Segment Start: Source information

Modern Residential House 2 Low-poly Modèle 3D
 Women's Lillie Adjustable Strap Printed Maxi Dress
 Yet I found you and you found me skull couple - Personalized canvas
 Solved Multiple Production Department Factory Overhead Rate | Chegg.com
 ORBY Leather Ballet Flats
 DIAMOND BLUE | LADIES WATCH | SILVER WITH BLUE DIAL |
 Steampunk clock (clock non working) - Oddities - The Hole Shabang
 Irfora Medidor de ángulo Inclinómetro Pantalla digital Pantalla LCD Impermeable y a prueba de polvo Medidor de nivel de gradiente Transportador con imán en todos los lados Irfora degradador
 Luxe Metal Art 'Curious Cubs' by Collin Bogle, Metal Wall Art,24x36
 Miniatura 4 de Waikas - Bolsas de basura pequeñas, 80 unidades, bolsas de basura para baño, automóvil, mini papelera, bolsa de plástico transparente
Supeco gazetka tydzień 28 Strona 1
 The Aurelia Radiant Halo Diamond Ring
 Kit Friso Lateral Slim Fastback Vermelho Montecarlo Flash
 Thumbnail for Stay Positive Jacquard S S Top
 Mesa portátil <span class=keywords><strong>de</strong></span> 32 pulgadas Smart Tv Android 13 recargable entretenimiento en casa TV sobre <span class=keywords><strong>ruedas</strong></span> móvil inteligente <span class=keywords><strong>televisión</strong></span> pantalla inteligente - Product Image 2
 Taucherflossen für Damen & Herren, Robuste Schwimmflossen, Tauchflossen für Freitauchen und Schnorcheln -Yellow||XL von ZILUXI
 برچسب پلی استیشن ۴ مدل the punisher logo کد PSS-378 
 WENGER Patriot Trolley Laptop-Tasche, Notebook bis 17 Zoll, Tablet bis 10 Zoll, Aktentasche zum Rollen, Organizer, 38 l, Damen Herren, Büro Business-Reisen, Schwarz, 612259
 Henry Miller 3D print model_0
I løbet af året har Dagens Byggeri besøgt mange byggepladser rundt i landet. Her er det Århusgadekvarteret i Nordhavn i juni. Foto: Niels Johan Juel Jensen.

Segment End: Source information

Exercise details: Each line from the one containing "Steampunk clock (clock" down to the final line of the listing must appear in the answer exactly as written, and no other line may.

Exercise answer:
 Steampunk clock (clock non working) - Oddities - The Hole Shabang
 Irfora Medidor de ángulo Inclinómetro Pantalla digital Pantalla LCD Impermeable y a prueba de polvo Medidor de nivel de gradiente Transportador con imán en todos los lados Irfora degradador
 Luxe Metal Art 'Curious Cubs' by Collin Bogle, Metal Wall Art,24x36
 Miniatura 4 de Waikas - Bolsas de basura pequeñas, 80 unidades, bolsas de basura para baño, automóvil, mini papelera, bolsa de plástico transparente
Supeco gazetka tydzień 28 Strona 1
 The Aurelia Radiant Halo Diamond Ring
 Kit Friso Lateral Slim Fastback Vermelho Montecarlo Flash
 Thumbnail for Stay Positive Jacquard S S Top
 Mesa portátil <span class=keywords><strong>de</strong></span> 32 pulgadas Smart Tv Android 13 recargable entretenimiento en casa TV sobre <span class=keywords><strong>ruedas</strong></span> móvil inteligente <span class=keywords><strong>televisión</strong></span> pantalla inteligente - Product Image 2
 Taucherflossen für Damen & Herren, Robuste Schwimmflossen, Tauchflossen für Freitauchen und Schnorcheln -Yellow||XL von ZILUXI
 برچسب پلی استیشن ۴ مدل the punisher logo کد PSS-378 
 WENGER Patriot Trolley Laptop-Tasche, Notebook bis 17 Zoll, Tablet bis 10 Zoll, Aktentasche zum Rollen, Organizer, 38 l, Damen Herren, Büro Business-Reisen, Schwarz, 612259
 Henry Miller 3D print model_0
I løbet af året har Dagens Byggeri besøgt mange byggepladser rundt i landet. Her er det Århusgadekvarteret i Nordhavn i juni. Foto: Niels Johan Juel Jensen.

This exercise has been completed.